● **TASK INPUT**:
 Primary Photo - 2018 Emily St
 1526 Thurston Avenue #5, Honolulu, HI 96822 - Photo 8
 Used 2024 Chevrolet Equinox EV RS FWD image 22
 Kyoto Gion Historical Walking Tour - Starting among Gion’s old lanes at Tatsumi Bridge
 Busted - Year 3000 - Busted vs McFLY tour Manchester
* * *
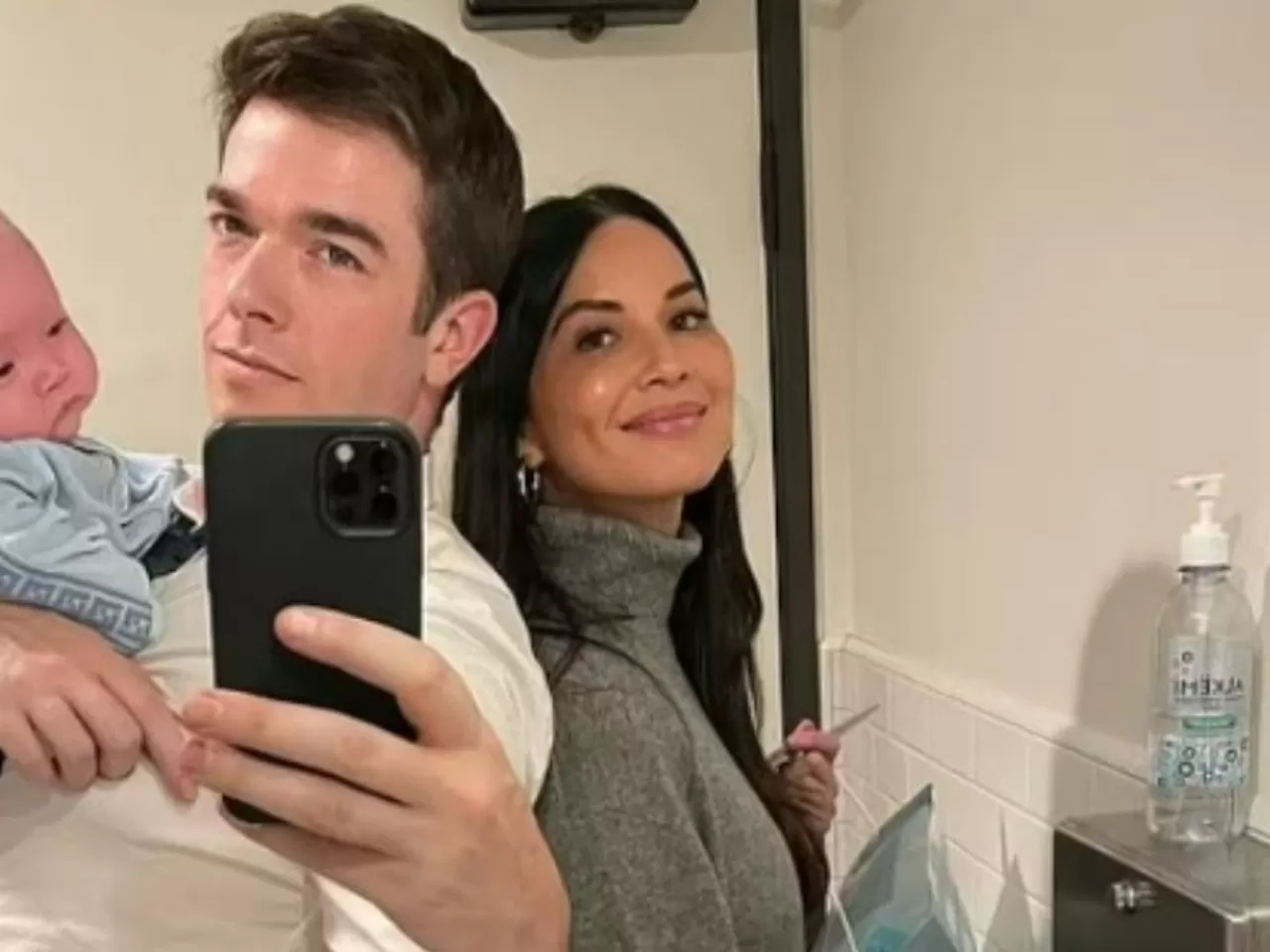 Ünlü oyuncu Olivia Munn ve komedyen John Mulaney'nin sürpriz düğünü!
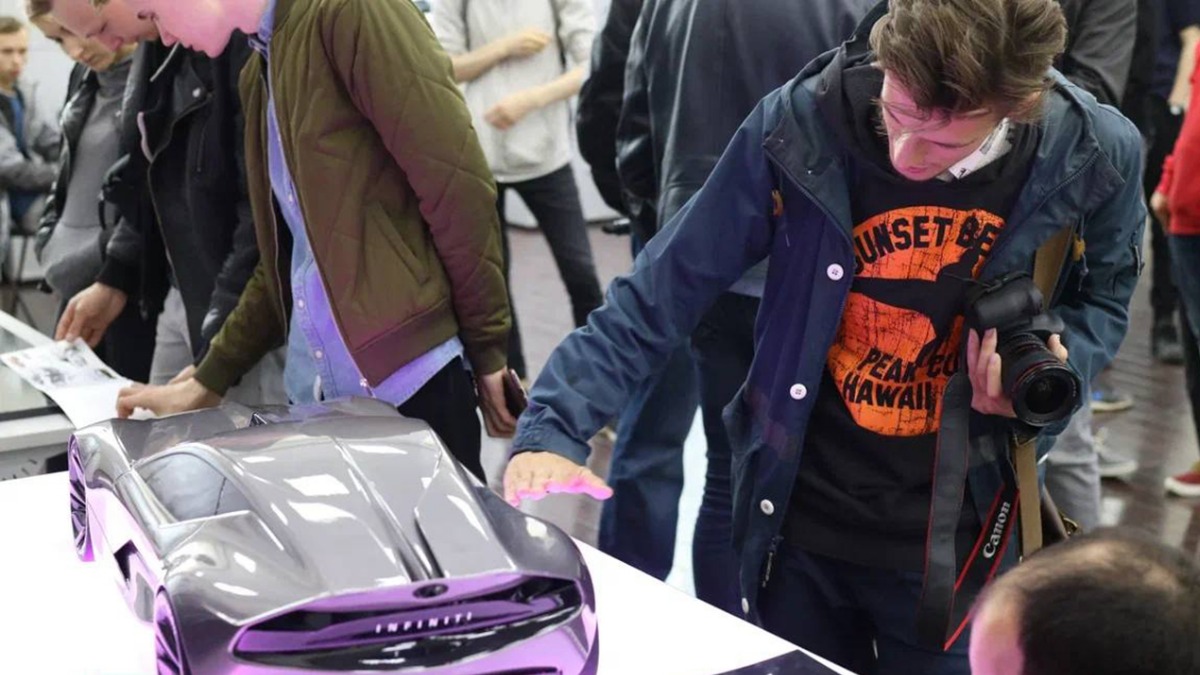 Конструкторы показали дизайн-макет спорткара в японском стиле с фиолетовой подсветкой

● **WHAT THE EXERCISE ASKS**: Above are records; repeat only the lines starting at the line with "Primary Photo - 2018 Emily St" and ending at the line with "Busted - Year", exactly as they appear, both included.

● **TASK ANSWER**:
 Primary Photo - 2018 Emily St
 1526 Thurston Avenue #5, Honolulu, HI 96822 - Photo 8
 Used 2024 Chevrolet Equinox EV RS FWD image 22
 Kyoto Gion Historical Walking Tour - Starting among Gion’s old lanes at Tatsumi Bridge
 Busted - Year 3000 - Busted vs McFLY tour Manchester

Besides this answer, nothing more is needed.